Available data Block Start

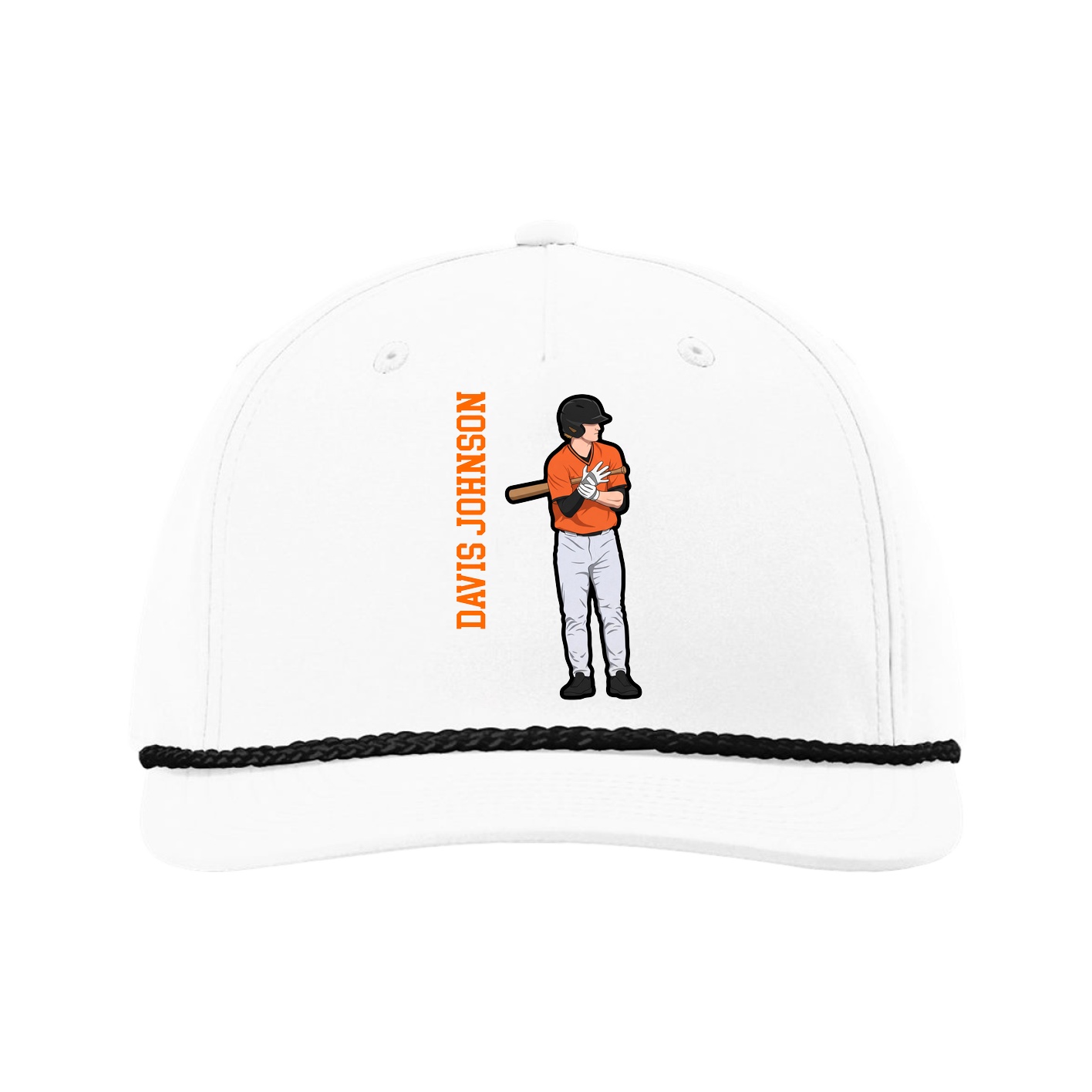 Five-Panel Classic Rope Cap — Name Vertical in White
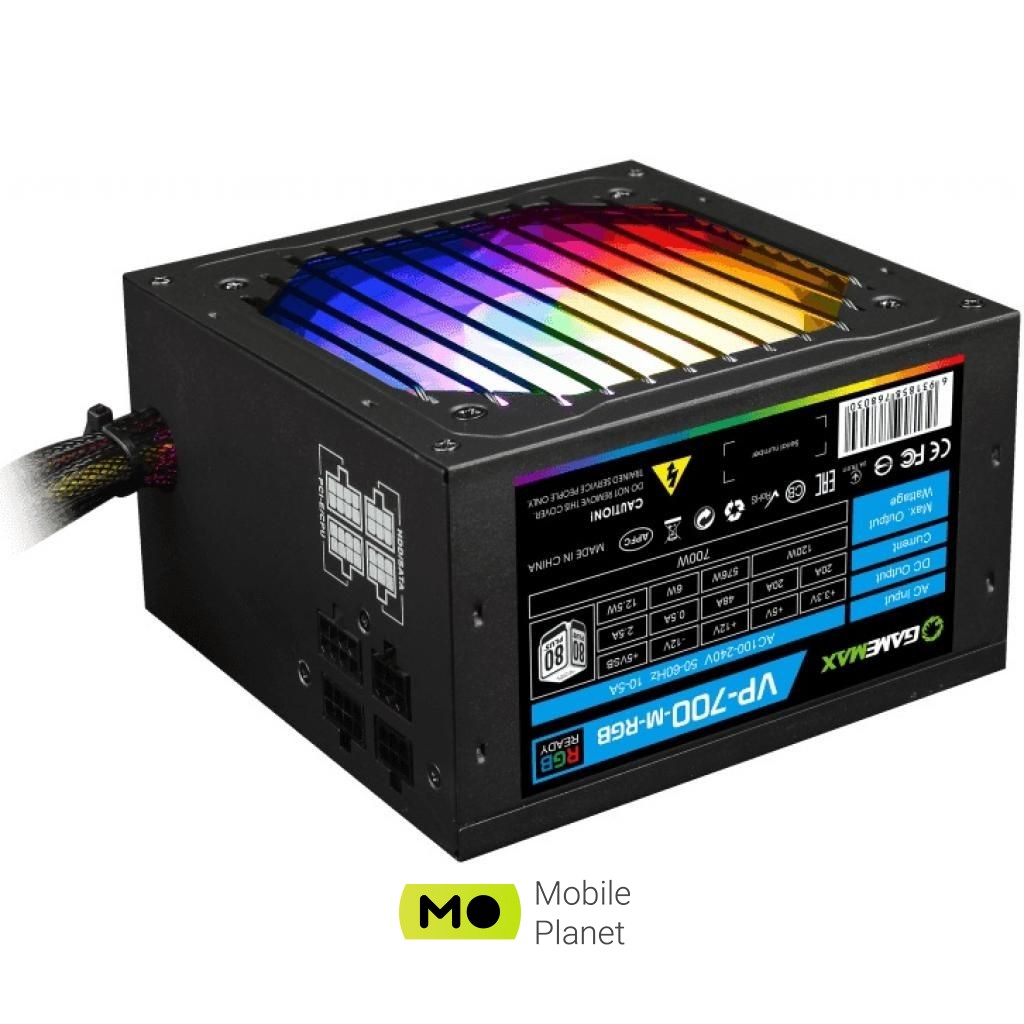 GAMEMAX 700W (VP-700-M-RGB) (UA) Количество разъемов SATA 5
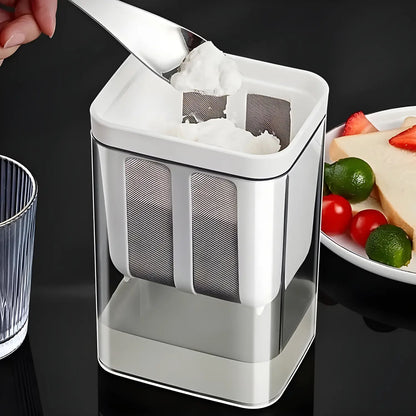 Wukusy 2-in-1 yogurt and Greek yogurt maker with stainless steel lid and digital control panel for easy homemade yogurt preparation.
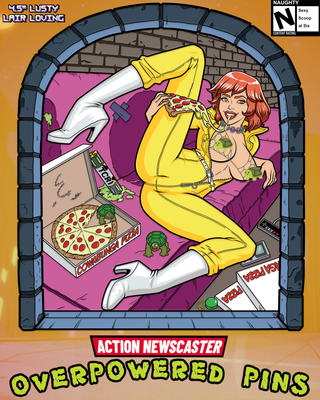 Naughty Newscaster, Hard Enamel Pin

Available data Block End
Available data Block Start

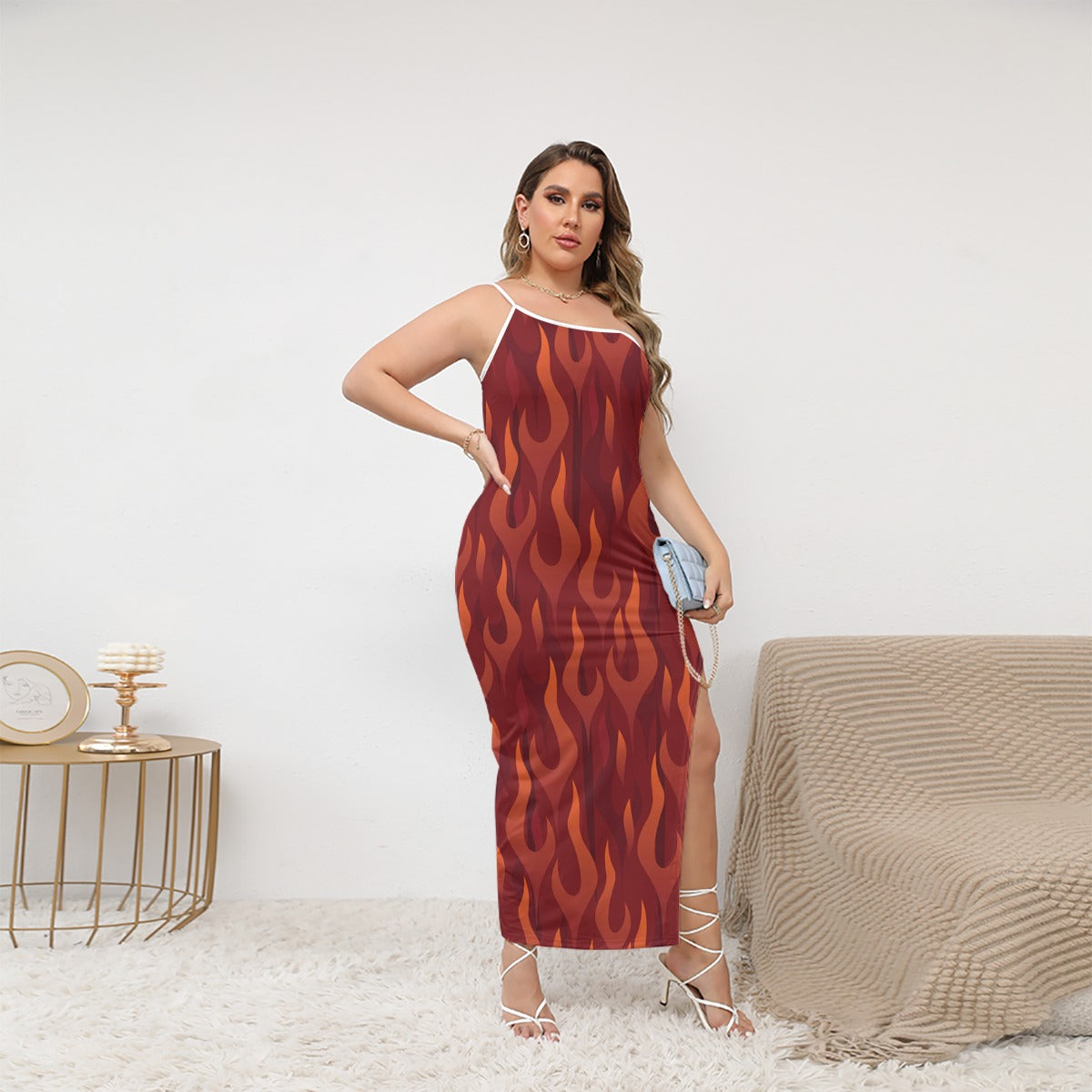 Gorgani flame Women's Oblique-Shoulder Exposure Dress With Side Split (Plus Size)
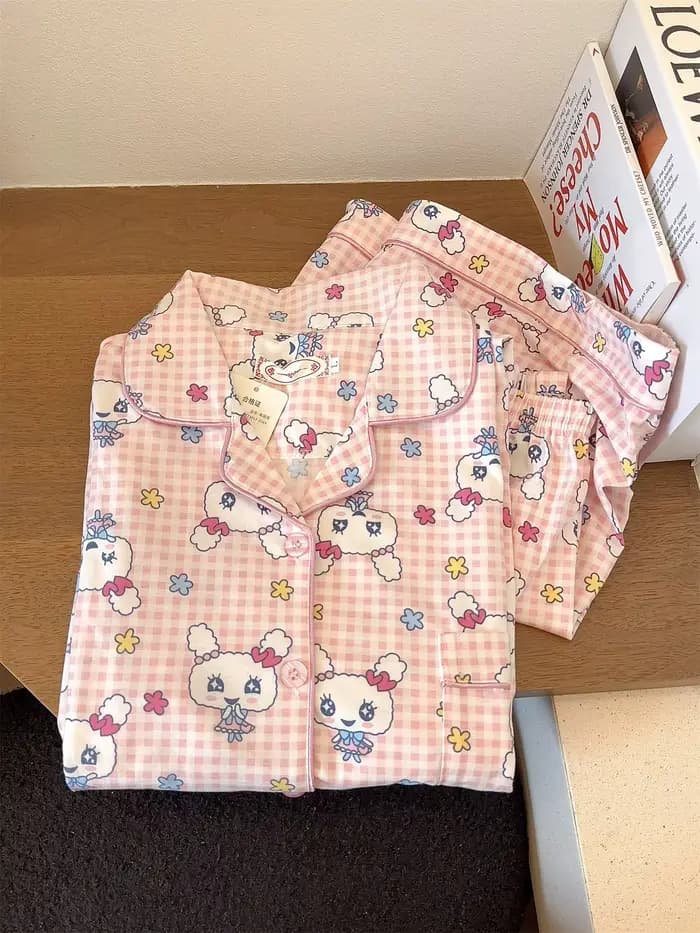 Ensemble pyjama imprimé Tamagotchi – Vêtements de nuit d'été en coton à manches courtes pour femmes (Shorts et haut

Available data Block End
Available data Block Start

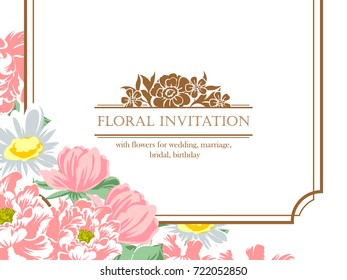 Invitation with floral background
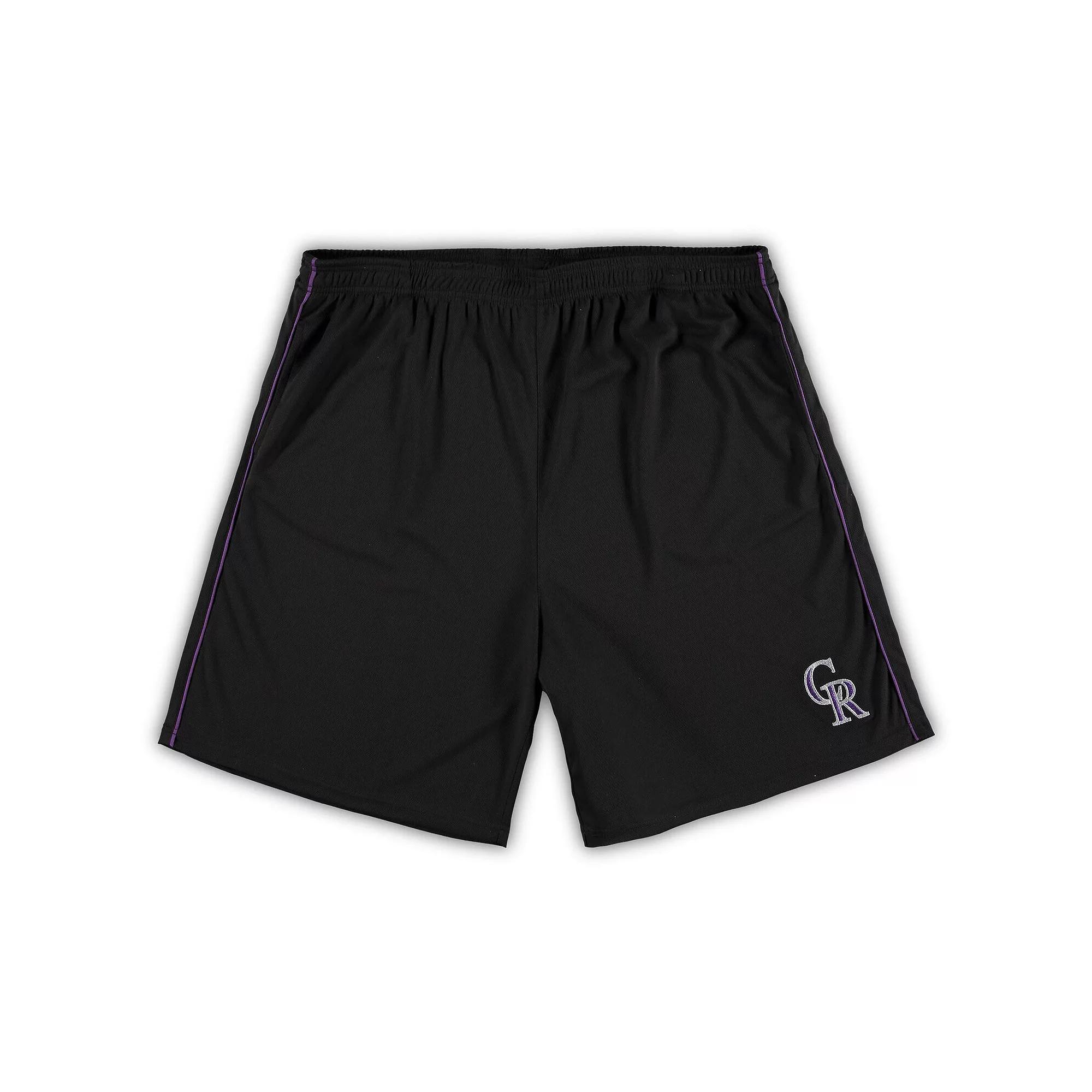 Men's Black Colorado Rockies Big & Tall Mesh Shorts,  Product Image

Available data Block End

* _Prompt_: Go back to the lines above and output, exactly as they stand, the ones from the line containing "Invitation with floral background" to the line containing "Men's Black Colorado". Leave all pictures behind.

* _Output for this exercise_:
 Invitation with floral background
 Men's Black Colorado Rockies Big & Tall Mesh Shorts,  Product Image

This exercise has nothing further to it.